この4つの上に、それらを枠づける一行があります。分析したセッション数と、そのうち1ページで終わったセッションの割合です。ほとんどのセッションが1ページであるレポートにはパスがほとんど含まれておらず、遷移一覧をいくら見つめても変わりません。それはナビゲーションではなくトラフィックの質の問題です。
パスはどう再構成されるのか
どのツールを使う場合でも知っておく価値があります。構成のルールが、その数値に許される意味を決めるからです。PulsePanda は次のように処理します。
- 1セッションにつき1つの並び。 期間内に始まったセッションを順に取り出し、ページの順序付きリストに平坦化します。
- ページビューとクリックから構成。 セッションが開いたページが並びの起点となり、URL を持つすべてのページビューとクリックイベントがタイムスタンプ順にそれを延ばします。
- URL はパスに簡約。 ホスト、クエリ文字列、フラグメント、末尾のスラッシュは落とすため、
/pricing、/pricing/、/pricing?utm_source=newsletterは3つではなく1つのページになります。そうしなければキャンペーンのパラメータが最重要ページを十数行に砕いてしまいます。 - 連続した重複はまとめます。 同じページでの12回のクリックは1ステップです。パスはページ間の移動を測るもので、ページ内の活動は測りません。それはヒートマップとセッションリプレイの役目です。
- 期間は直近7日または30日のセッションで、境界は明確です。それより前に始まったセッションはレポートに一切入りません。

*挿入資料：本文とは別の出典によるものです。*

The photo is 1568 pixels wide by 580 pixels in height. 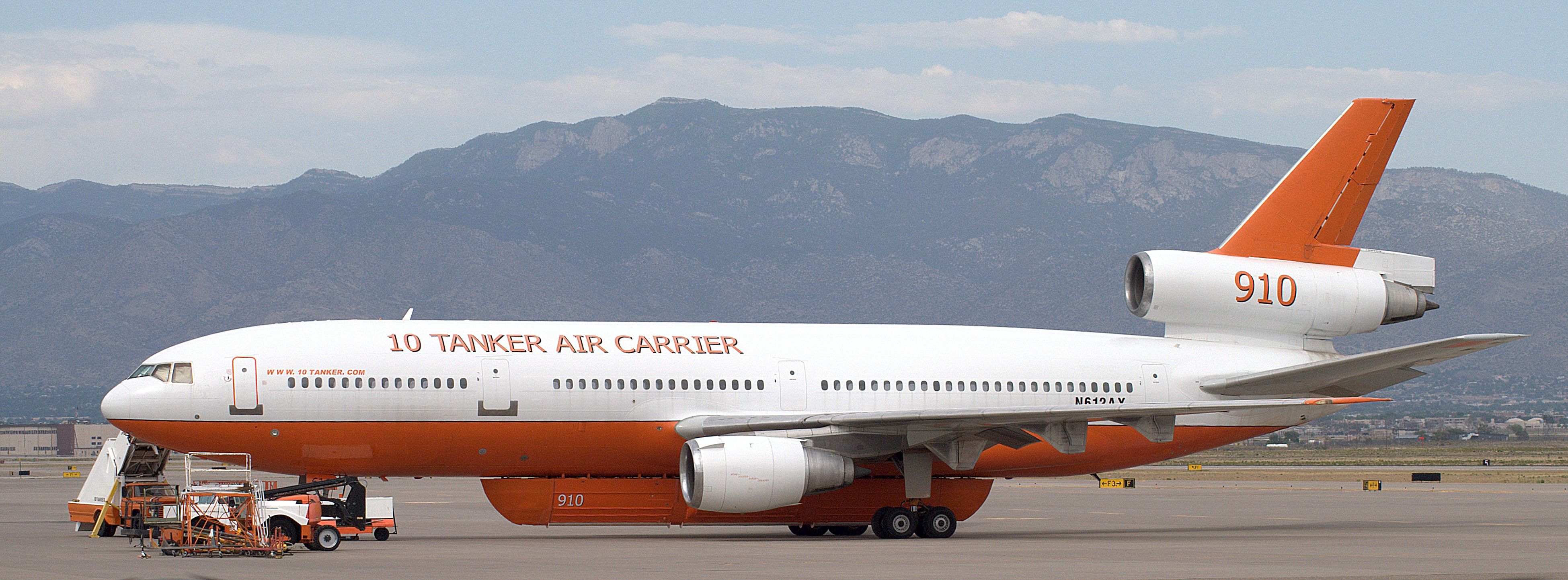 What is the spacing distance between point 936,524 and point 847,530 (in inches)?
89.4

- 各一覧は上位のみ残します。 主要なエントリーと離脱、主要な遷移とジャーニーです。パスレポートの裾野は一度だけ発生した経路の非常に長い一覧であり、それはノイズです。
注目すべき4つのこと
ホームページ以外の入口ページ。 多くのチームはホームページからの経路を設計し、それ以外は偶然に任せます。セッションの3分の1がブログ記事や機能ページから始まっているなら、そのページこそが実際の入口体験であり、おそらく次のステップが用意されていません。
ループ。 2つのページを3回も4回も行き来しているユーザーは探索しているのではなく、そこにないものを探しています。料金から機能、そして料金へ戻るのが典型例で、たいていは料金ページに答えが欠けていることを意味します。
収束。 多くの異なる出発点がコンバージョン前に同じページへ集まるなら、そのページは構造を支えています。トラフィック量が示唆する以上の配慮に値します。
意図のある離脱。 コードのコピーに成功した後にドキュメントを離れるのは良い結果です。チェックアウトからの離脱はそうではありません。単純な離脱率では区別できませんが、離脱前のパスなら区別できます。
はじめてのユーザーパス分析
- 使える中で最も広い期間を取ります。パスはすぐに断片化し、小規模サイトの1週間はほとんどが一度きりの経路です。
- 何よりも先に、1ページで終わったセッションの割合を読みます。レポートのどれだけが実体のあるものかが分かります。
- エントリー一覧を、実際に入口として設計したページと比べます。食い違いはすべて、次のステップが必要なページです。
- 最大のエントリーページを選び、遷移一覧の左側でそれを探します。そこから出ていく動きを多い順に見たものが、実際に提供できている経路です。
- 最も多くの人を失っている遷移を取り、そのページを通ったセッションの記録を5本視聴します。具体的な仮説を一つ立てるには、たいてい5本で足ります。
- ねらった経路のファネルを作り、変更をリリースし、以後はパスレポートではなくそのファネルを見ます。
パスを変更につなげる
ここでパス分析はファネルに勝ります。ファネルはアクティベーションのステップでユーザーの60%が離脱すると教えます。パスはそのうち半数が離脱の直前に料金ページを見ていたと教えます。これは別の問題であり、別の解決策が必要です。
仮説ができたらファネルを作りましょう。ファネルは、重要だと判断した経路を測定し、変更が効いたかを見るための正しい道具です。パスは、測定する価値のある経路を見つけるための道具です。
パスレポートが誤解を招くところ
- 離脱は放棄ではありません。 「サイトを離脱」で終わるパスレポートは、離脱ではなく単なるセッションの区切りかもしれません。同じユーザーが1時間後に戻って完了することはよくあります。
- パスは人ではありません。 パスはセッション単位なので、1人のユーザーの3回の訪問は3本のパスになり、2台のデバイスならさらに2本増えます。訪問をまたいだ行動はここではなくリテンションで読んでください。
- 小さなサンプルは自信に満ちた無意味を生みます。 10セッションからは10通りの固有の経路が生まれ、パターンは見えません。見るたびに上位5件の遷移が変わるなら、それはノイズです。週ごとの一覧が動かなくなるまで遷移の水準にとどめてください。
- 切り詰めは結末を隠します。 トップジャーニーは経路の最初の数ステップを示すだけで、その結末は示しません。結末は離脱ページの一覧にあります。